Il numero di lavoratori usciti dalle aziende in vista di un traguardo previdenziale che si è allontanato con la riforma di Natale «è molto superiore a quello preventivato», e di conseguenza «bisogna ritarare le forme di tutela» previste dalla normativa e «trovare criteri equi per proteggere i più deboli».
Nel suo intervento al TuttoPensioni 2012, il convegno che Il Sole 24 Ore, in collaborazione con ministero del Lavoro e Inps, ha dedicato ieri alla riforma previdenziale, il ministro del Lavoro, Elsa Fornero ha affrontato fin dall’inizio il nodo degli «esodati», cioè di quanti rischiano un lungo periodo senza reddito perché sono usciti dal mondo del lavoro, facendo affidamento sul vecchio calendario per il pensionamento, ora rivoluzionato dalla riforma. Il ministro Fornero è intervenuta verso le 11, in collegamento-video da Roma. «Mi spiace non essere a Milano con voi, ma ho dovuto anticipare il mio arrivo a Roma per gli impegni collegati alla trattativa sulla riforma del lavoro». Il convegno era stato aperto alle 10 da Donatella Treu, amministratore delegato del Sole, ed è stato moderato dal direttore Roberto Napoletano.

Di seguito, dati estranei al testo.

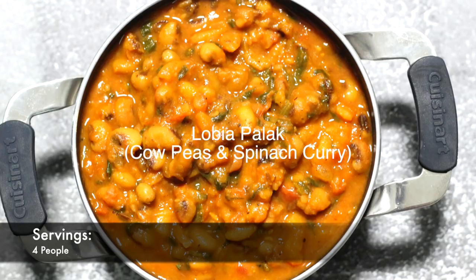Namaste! Welcome to Baona's Kitchen. Today I'm making Lobia Palak. Lobia means black-eyed peas, palak means spinach — so basically black-eyed peas curry with spinach. Lobia Palak is full of protein because black-eyed peas is high in protein and spinach is full of iron. This is a very healthy curry that you can make on your weekly menu, and you will absolutely fall in love with this curry. So let's get started.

Il primo problema per garantire i vecchi requisiti della pensione per molti lavoratori, coinvolti per esempio in procedure di mobilità o in accordi individuali con uscita incentivata dall’impresa, è legato al numero dei possibili interessati, dettato dalle conseguenze occupazionali della crisi economica vissuta nel 2010-2011. La versione originale del decreto «Salva-Italia» aveva previsto che il paracadute si aprisse per 50mila persone, poi la legge di conversione e il Milleproroghe hanno sostituito la previsione con un contingente ancora da calcolare sulla base delle risorse messe a disposizione (245 milioni per il 2013, a crescere fino ai 1.220 per il 2016). In base ai calcoli condotti in queste settimane dall’Inps (che tuttavia non conferma ufficialmente il dato), gli ex lavoratori in mezzo al guado rischiano di attestarsi poco sopra quota 350mila, un numero ingestibile con la dotazione finanziaria prevista dalla legge. Di qui il ragionamento del ministro, che si dice «consapevole della grande ansia personale vissuta da chi ha accettato l’uscita dal lavoro in vista di un traguardo previdenziale non lontano» ma chiede «pazienza fino al 30 giugno per l’emanazione del decreto» che fisserà le regole per chiedere l’esonero dalla riforma. Occorrerà, in quella sede, calibrare le tutele anche perché il finanziamento extra passa da un incremento delle aliquote contributive, che rischia di cozzare contro la riforma del mercato del lavoro in discussione in questi giorni. Nonostante le difficoltà, che nei mesi scorsi hanno spinto il Parlamento a intervenire più volte sulla questione ridisegnando i parametri per ambire alla tutela (si veda anche l’articolo a pagina 11), Fornero rivendica però la scelta di mettere in campo «una riforma di grande impatto strutturale» in una fase di emergenza in cui fra i rischi c’è stato anche quello di «non pagare una parte delle pensioni o degli stipendi pubblici». Alla base della decisione adottata, nella ricostruzione del ministro, c’è poi l’esigenza di superare una fase in cui «gli esodi incentivati hanno rappresentato uno strumento troppo facile per mettere a carico della collettività forme di pensionamento anticipato. Queste regole, oggi, non sono più sostenibili».
Rimane aperto, poi, anche il capitolo delle ricongiunzioni, rese onerose nel 2010. Il ritorno alla gratuità è reso impossibile dal costo (oltre 1,4 miliardi all’anno, secondo la Ragioneria generale); sul punto il ministro non va oltre la sottolineatura che «occorre affrontare questo argomento con equilibrio, tenendo conto degli interessi in gioco». La strada alternativa, secondo il vicepresidente della commissione Lavoro della Camera, Giuliano Cazzola (Pdl), è quella di «puntare sulla totalizzazione, riducendo i vincoli e i disincentivi economici che la caratterizzano nel calcolo dell’assegno».